Is Google Analytics under-reporting your traffic?


A couple of weeks back I noticed that the figure being reported by Google Analytics representing our page views was less than our ad impressions. There is room for variance, for example the top leaderboard also appears on QBase, which isn’t in our overall traffic count, although I have access to figures for the site. Although QBase occasionally has some strong traffic, the gap wasn’t accounted for; it was clear that either our ad service was overcounting impressions, or Google Analytics was wrong.

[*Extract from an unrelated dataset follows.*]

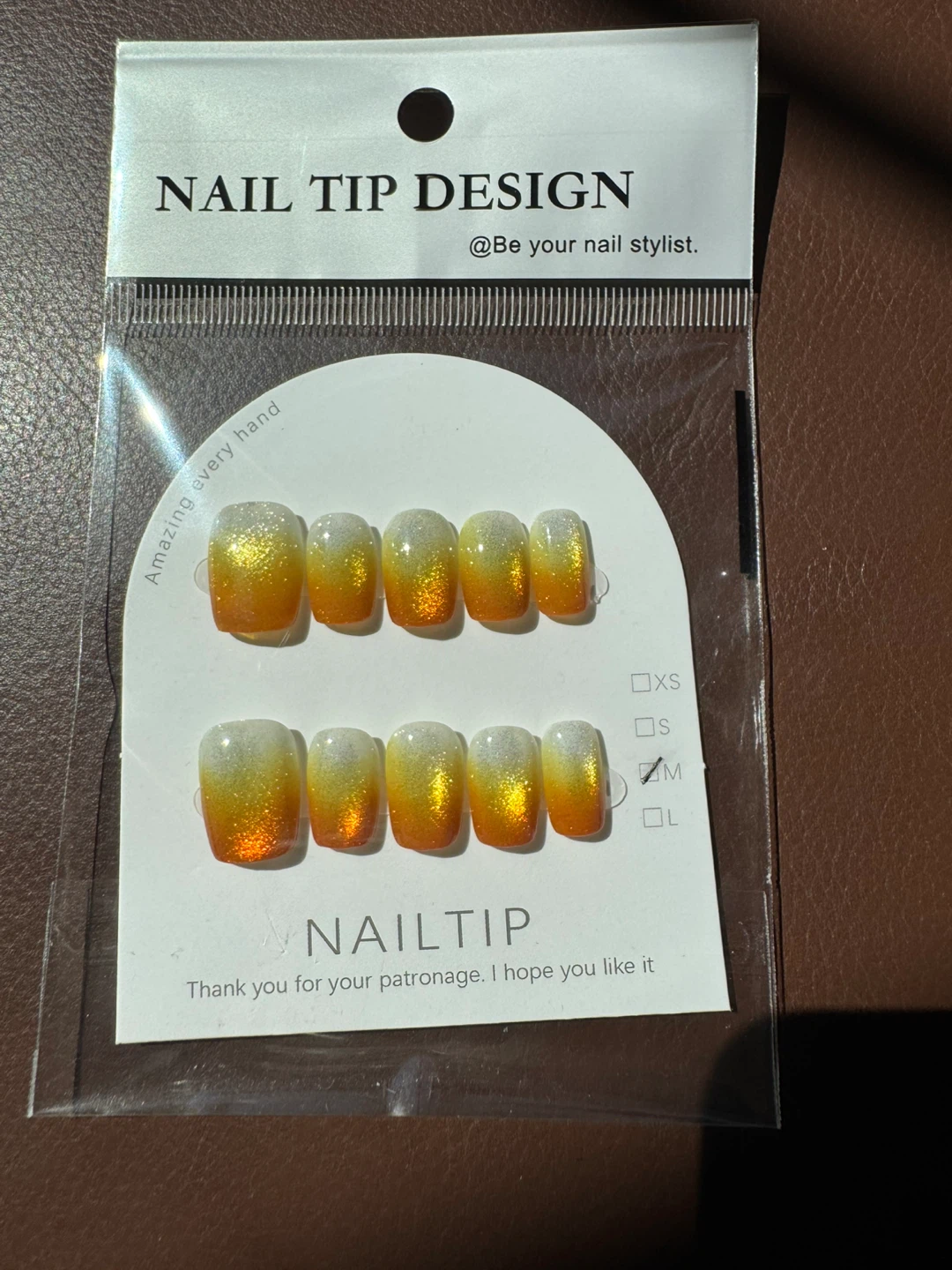 Handmade Press On Nails - Yellow Ombre Glitter - photo 2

Then it got weirder. We run Adsense units as remnant inventory, and on a couple of days Adsense was showing a higher page count than Analytics was. Something was clearly wrong. I did some digging and while there has been issues with Google Analytics in the past, nothing explained what I was seeing.

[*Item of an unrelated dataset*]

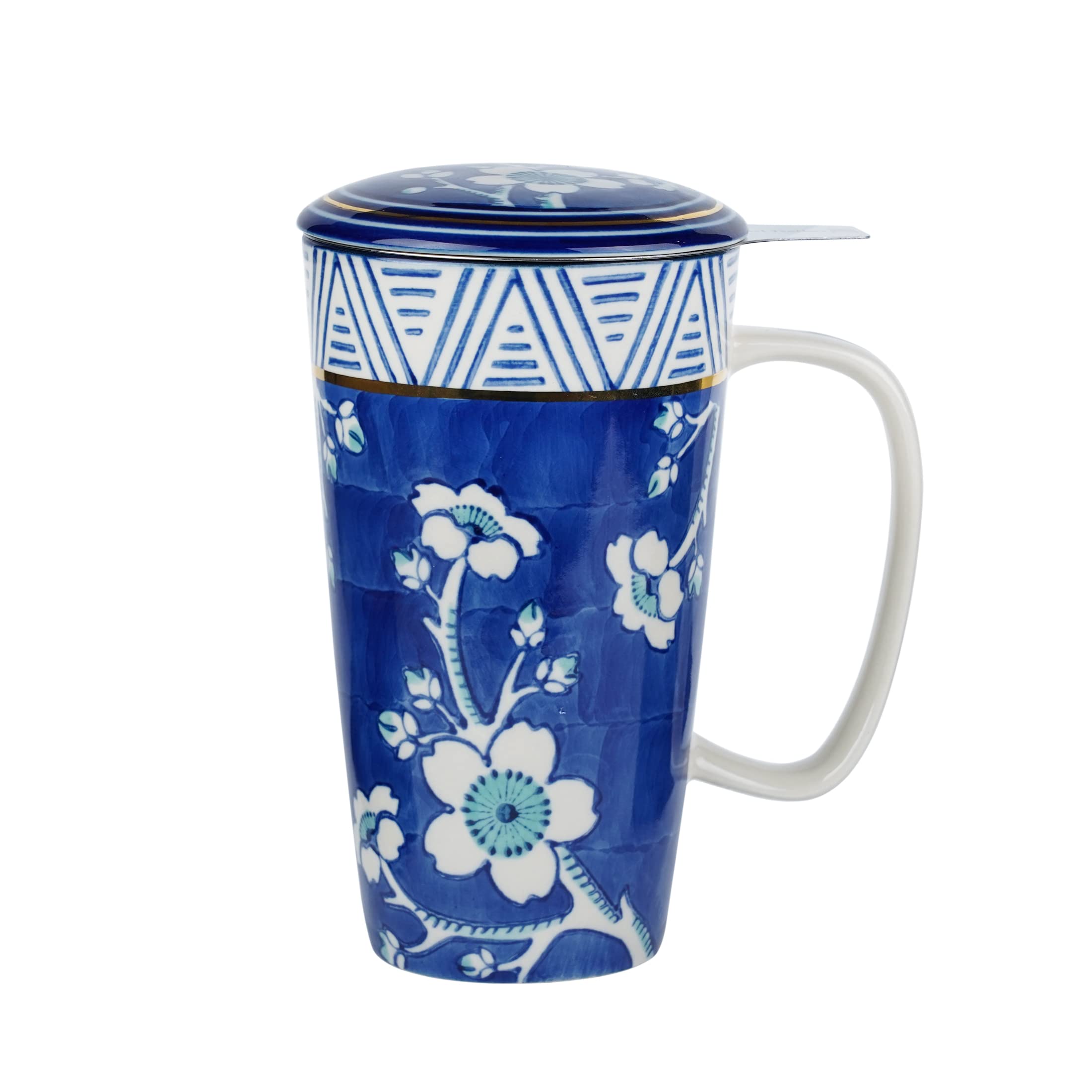 Premium 17 oz Ceramic Tea Cup with Infuser & Lid - Loose Leaf Tea Mug with Large Strainer Basket - Ideal for Home, Office & Gifts - Perfect for Relaxing Tea Time, Work Breaks & Thoughtful Presents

Then I worked it out. We may not have the quickest page load at The Inquisitr, but I’ve always been wary of not making the site bloated to load, like Mashable (which was up at one stage to 2mb on the front page) and TechCrunch (which has slimmed back, but was traditionally a heavy load). There are external factors I can’t control, the ad serving for one, and then services like Lijit and Outbrain do slow the site down, sometimes more than others. But still, the load isn’t horrible. And yet when I started the site, I was focused on delivering the content first, with the rest to follow. The header naturally leads with the content following, but the rest of the sidebar then eventually footer loads after that. Some times the load time can be seconds, other times (and depending on your connection and whether you’ve visited the site before) it can be out to 30 seconds or more. I realized that the difference, even between the post footer ad and the sidebar ad were that people were hitting the site and leaving it before the other things had loaded. And where was the Google Analytics code you ask? Last thing loaded in the footer.

Google recommends that you put the code for Google Analytics in the footer, and I’m not about to tell you to disagree with them, but a couple of days back I swapped the code from the footer to the header, and 2 days in all of a sudden my ads views are a close match to my Google Analytics page views.

There’s no rorting of the system in what I’ve done. In the early days, Google actually suggested you place the code up front. The down side is that running javascript up front can decrease your load times, but so far I’ve found the difference minor at best.

If you’re running a WordPress blog and thinking of trying the code up front, it must reside after the body tag, but if it’s in your header and that’s the first part of a page load, it’s a 99% bet that every page view will be counted.